→ **MATERIAL PROVIDED**:
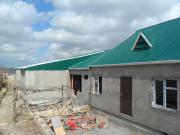 Satılır 3 otaqlı 60 m2 bağ evi Binəqədi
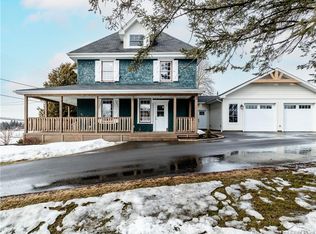 903 Royal, Memramcook, NB E4K 1X5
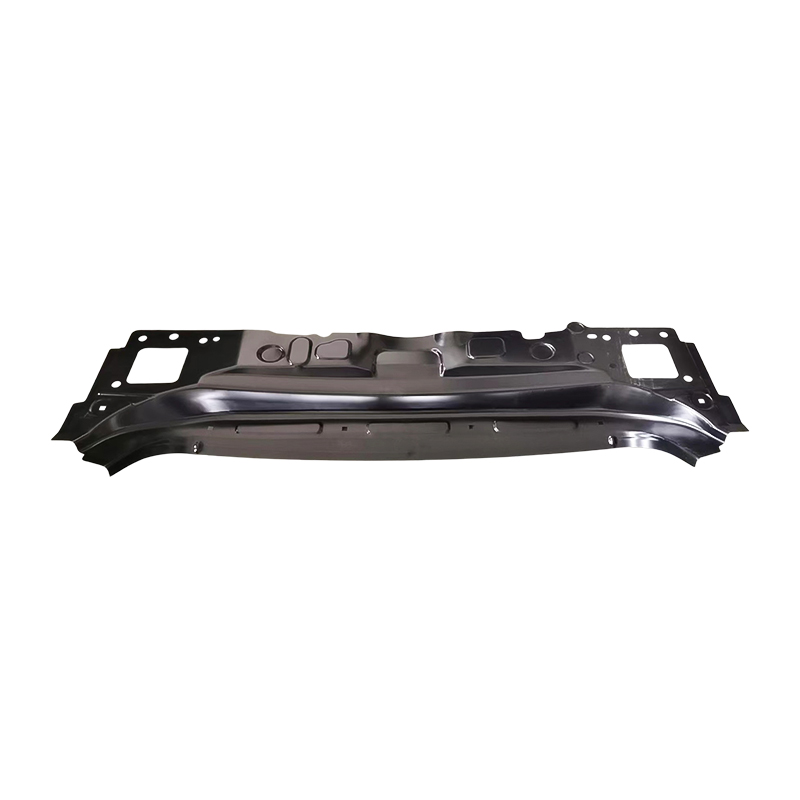 AUDI A6 C8 bumper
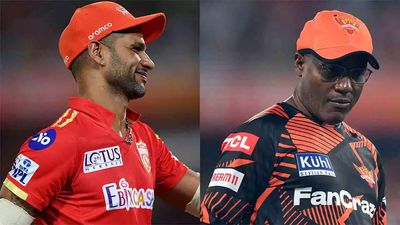 One of the best innings I've ever seen in T20 cricket: Brian Lara on Shikhar Dhawan's knock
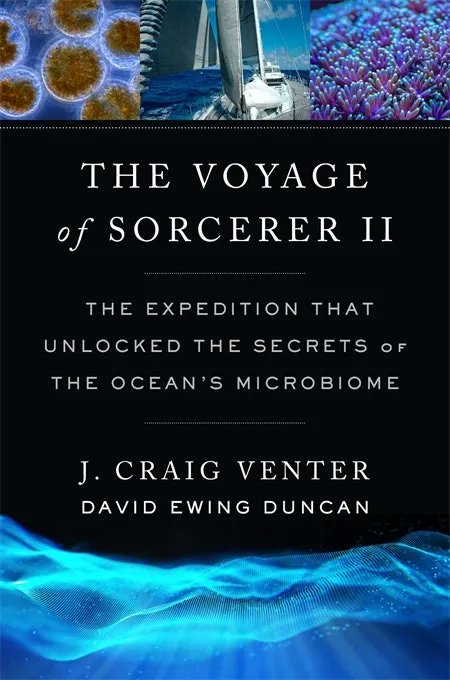 Future in Review (@futureinreview) on Twitter photo Friend of FIRE <a href="/Duncande/">David Ewing Duncan</a> has a fresh scoop in Vanity Fair that's causing a buzz! Dive into "The Voyage of Sorcerer II: The Expedition That Unlocked the Secrets of the Ocean’s Microbiome," co-authored by David and the visionary <a href="/JCVenterInst/">J. Craig Venter Institute</a> buff.ly/45T33PP Friend of FIRE <a href="/Duncande/">David Ewing Duncan</a> has a fresh scoop in Vanity Fair that's causing a buzz! Dive into "The Voyage of Sorcerer II: The Expedition That Unlocked the Secrets of the Ocean’s Microbiome," co-authored by David and the visionary <a href="/JCVenterInst/">J. Craig Venter Institute</a> buff.ly/45T33PP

→ **TASK**: Reproduce the opening lines of the material above exactly, ending with the line that contains "One of the best". Omit every picture.

→ **RESPONSE BELOW**:
 Satılır 3 otaqlı 60 m2 bağ evi Binəqədi
 903 Royal, Memramcook, NB E4K 1X5
 AUDI A6 C8 bumper
 One of the best innings I've ever seen in T20 cricket: Brian Lara on Shikhar Dhawan's knock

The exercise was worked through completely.